Materials provided
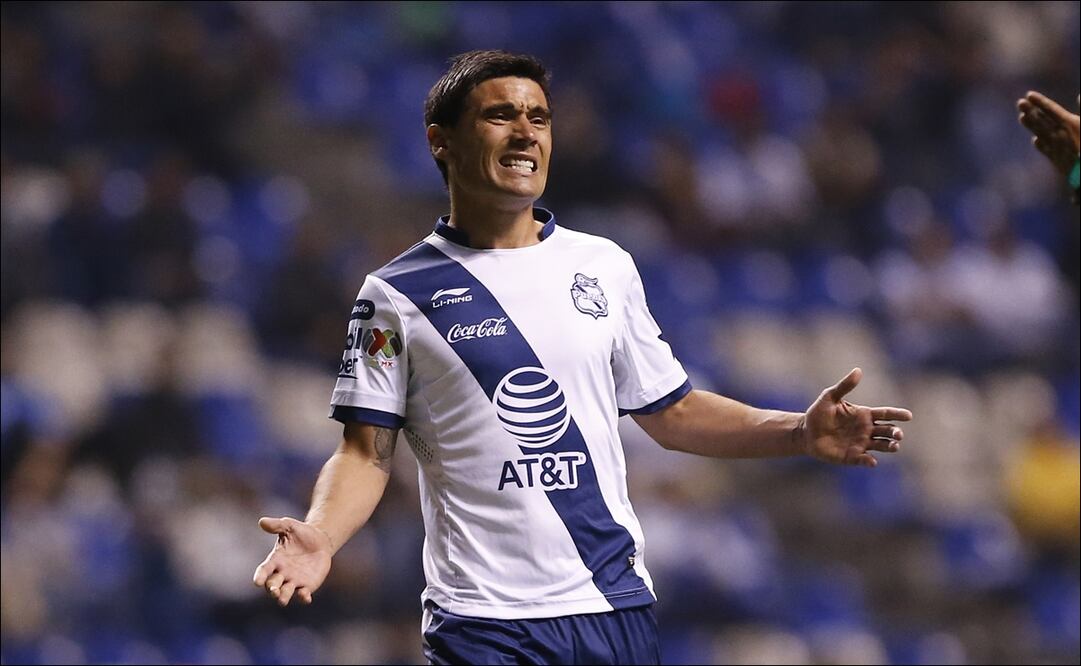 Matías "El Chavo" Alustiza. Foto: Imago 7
==
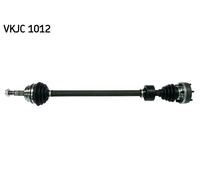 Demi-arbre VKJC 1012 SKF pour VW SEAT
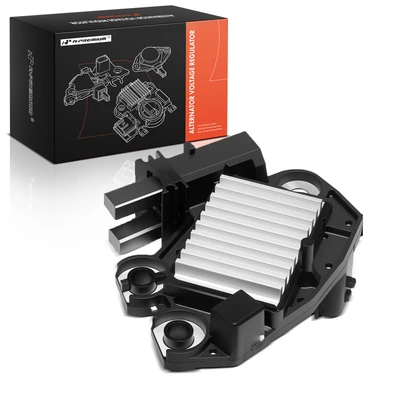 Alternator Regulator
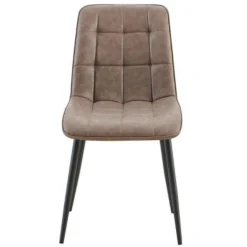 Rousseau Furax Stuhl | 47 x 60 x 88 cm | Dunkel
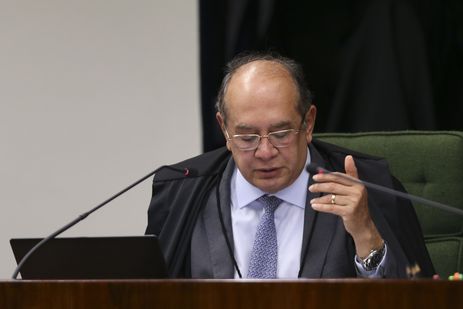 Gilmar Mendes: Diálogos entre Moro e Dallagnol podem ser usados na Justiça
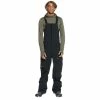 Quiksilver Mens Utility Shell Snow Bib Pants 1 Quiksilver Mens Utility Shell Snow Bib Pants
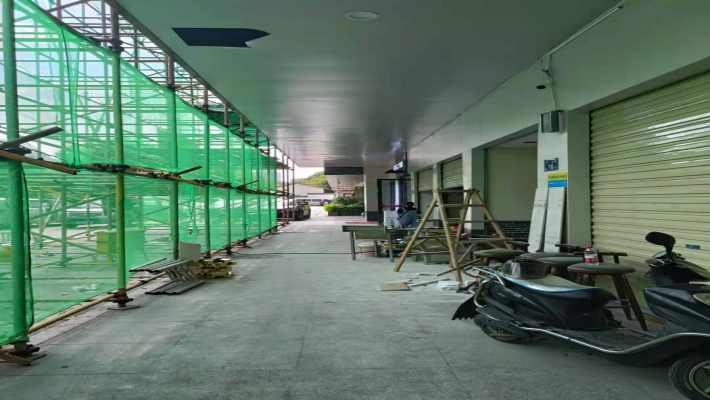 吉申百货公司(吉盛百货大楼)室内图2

Work item
From the material above, reproduce only what runs from the line holding "Demi-arbre VKJC 1012 SKF pour VW SEAT" down to the line holding "吉申百货公司(吉盛百货大楼)室内图2", both included, pictures excluded.

Solution below
 Demi-arbre VKJC 1012 SKF pour VW SEAT
 Alternator Regulator
 Rousseau Furax Stuhl | 47 x 60 x 88 cm | Dunkel
 Gilmar Mendes: Diálogos entre Moro e Dallagnol podem ser usados na Justiça
 Quiksilver Mens Utility Shell Snow Bib Pants 1 Quiksilver Mens Utility Shell Snow Bib Pants
 吉申百货公司(吉盛百货大楼)室内图2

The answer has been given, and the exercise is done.